— О, я раньше часто готовил для себя. Мои родители работали, они обычно возвращались поздно и только кое-что перехватывали перед сном.
— Так ты много времени проводил один?
— Да, но у меня была еще и бабушка.
— Бабушка? — повторила она.
— Угу, — ответил Эл. — Она жила в одном из больших викторианского стиля домов неподалеку от колледжа. Я любил забегать к ней после учебы. У нее всегда на плите стоял большой горшок с какой-нибудь стряпней или свежеиспеченный хлеб. И мы усаживались за большой круглый стол, играли в карты и говорили часами.
— Кажется, классная леди.
— Ага, самая лучшая. Она по-настоящему кормила меня. Сначала таскала за уши, щипала за щеки, а потом отправлялась на кухню в своем ярком цветастом платье и больших неуклюжих башмаках. Она действительно любила меня.
— Но твои родители ведь тоже тебя любят?
— О, да, конечно, — ответил Эл, слегка напрягаясь. — Они любили меня. Но совсем по-другому, знаешь ли, — сказал он, пожимая плечами. — Моя мать — виолончелистка, выступает с концертами, и у нее очень напряженный график. Она постоянно прилетает и улетает, у нее никогда нет ни единой свободной минуты.
Сьюзен нахмурилась. Эл раньше упомянул, что он — единственный ребенок в семье. Значит, если его мать работала так напряженно, как он рассказывает, и мало бывала дома, стало быть, он проводил много времени один, предоставленный самому себе?
— А что ты любил делать, когда был маленьким? — спросила она.
— Больше всего мне нравилось строить разные модели и еще смотреть телевизор, хотя теперь редко даже подхожу к нему. К тому же у нас всегда в доме было полно народу, потому что отец преподавал историю в Северном Центральном колледже в Напервилле. Всегда кто-то приходил и уходил, их друзья и многочисленные знакомые.
— А когда ты увлекся фотографией? — спросила она, гоняя вилкой по тарелке оставшиеся бобы.
— О, уже в старших классах. Вообще-то это произошло совершенно случайно, — заявил Эл. — Мне всегда нравилось разглядывать фотографии в разных журналах, которые выписывал мой отец, часами вглядываться в лица. Снимки будто рассказывали истории из жизни этих людей. Мне никогда и в голову не приходило, что я сам могу сделать что-то подобное, до тех пор, пока не пошел на специальные курсы.
— А теперь?
— Теперь, конечно, я люблю это дело. Люблю пытаться влезть в шкуру каждого конкретного человека и показать моим зрителям, что тот стремится сказать. — Он пожал плечами. — Это не так-то просто объяснить. Наверное, у меня не очень здорово получается…

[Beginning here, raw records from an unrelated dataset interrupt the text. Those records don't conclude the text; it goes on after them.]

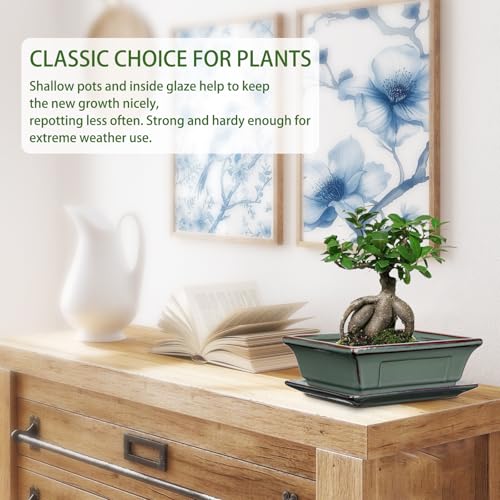 Villa Como Ceramic Bonsai Pots with Drainage Trays Set of 2, Green Glazed Bonsai Planters for Indoor/Outdoor Use, Rectangular Shallow Bonzai Tree Pot for Succulent, Orchids, Cacti, Home, Patio, Garden, 7.5"x5.5" - Image 4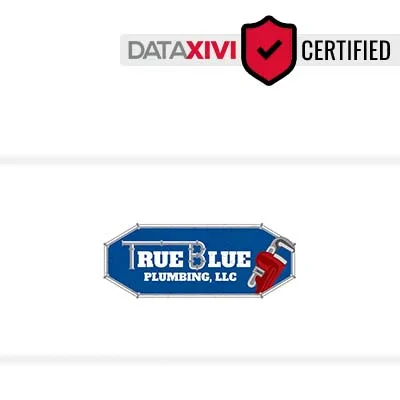True Blue Plumbing LLC Plumber - DataXiVi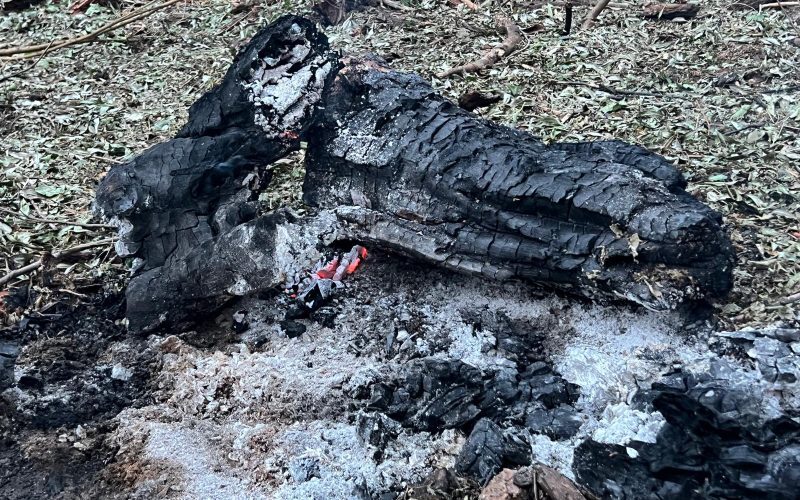 Dronă noua, Tulcea! Descoperire șoc la Plauru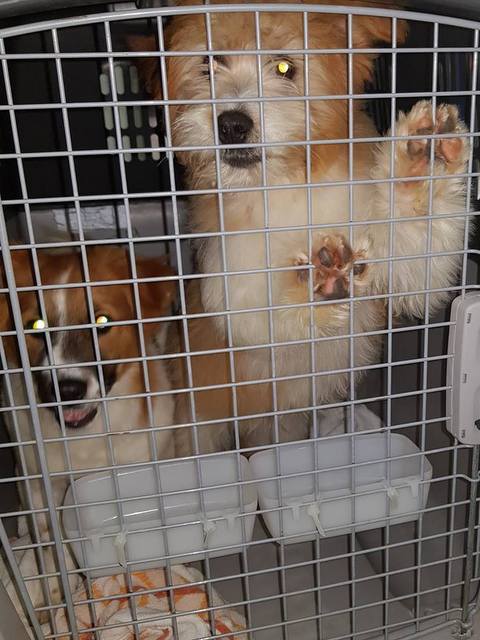 1 51161357 628295857626628 3644308153274728448 n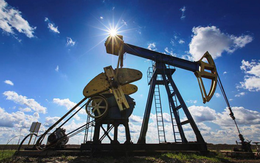 Nga đón 'cú sốc' từ quốc gia mua gần 90 triệu tấn dầu/năm: Đang là khách hàng số một nay mức nhập khẩu sắp về 0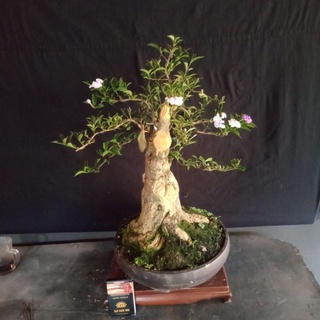 Detail Bonsai Melati Jawa Nomer 52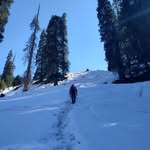wanderer_beardo profile picture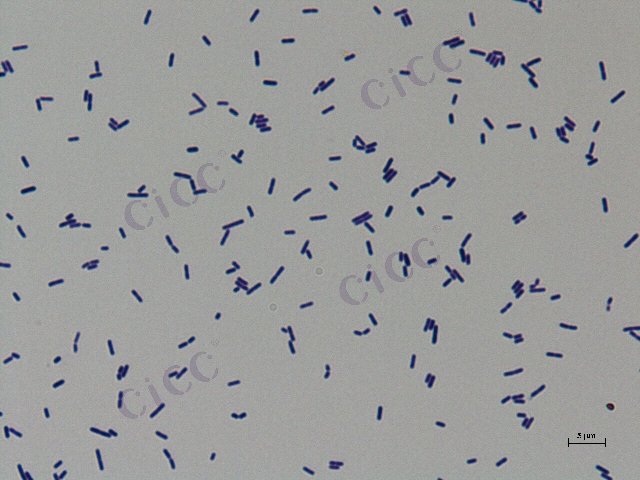 Lactiplantibacillus plantarum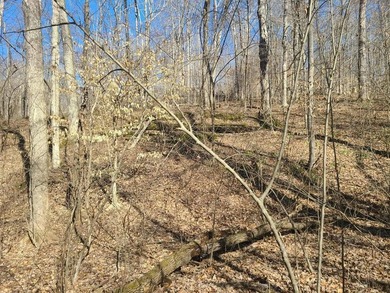 Additional listing photo 1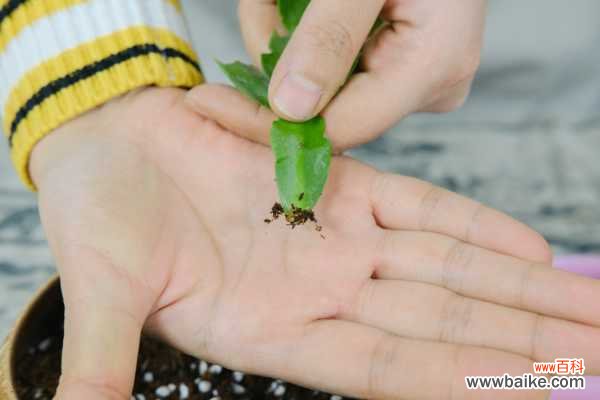 蟹爪兰为什么不开花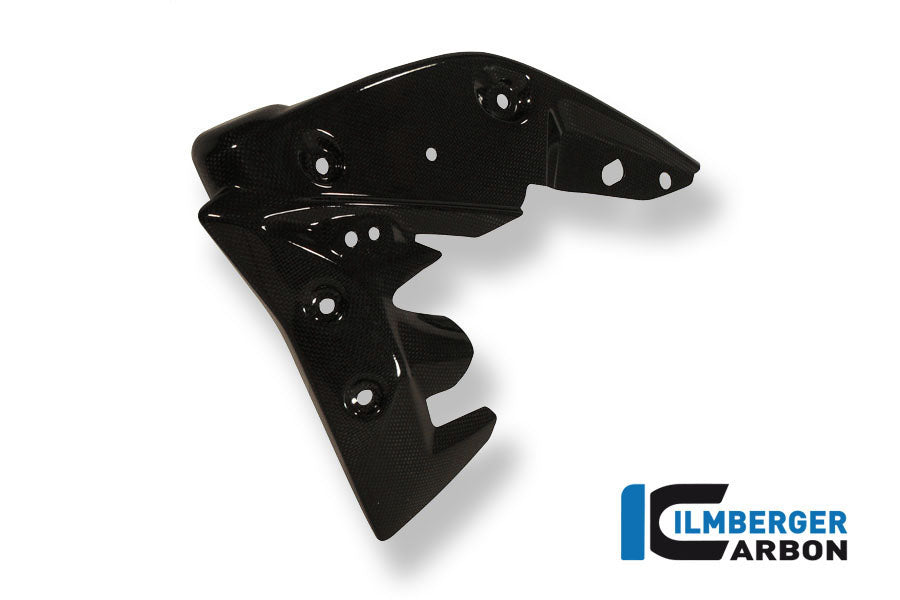 Radiator Cover Liens de carbone Triumph Speed ​​Triple 1050 (2011-2015)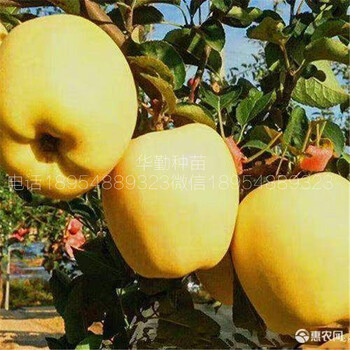 維納斯蘋果樹苗，育苗基地，脆甜香蘋果品種，聯(lián)系地址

— Отлично получается. Продолжай, пожалуйста.
— Знаешь, все эти люди, которые приходили к нам домой, друзья родителей, университетские профессора, они всегда расхаживали с бокалами вина в руках и говорили, говорили, говорили… Но ни один из них никогда ничего не делал, — объяснял Эл.
Сьюзен кивнула, молча предлагая ему продолжать.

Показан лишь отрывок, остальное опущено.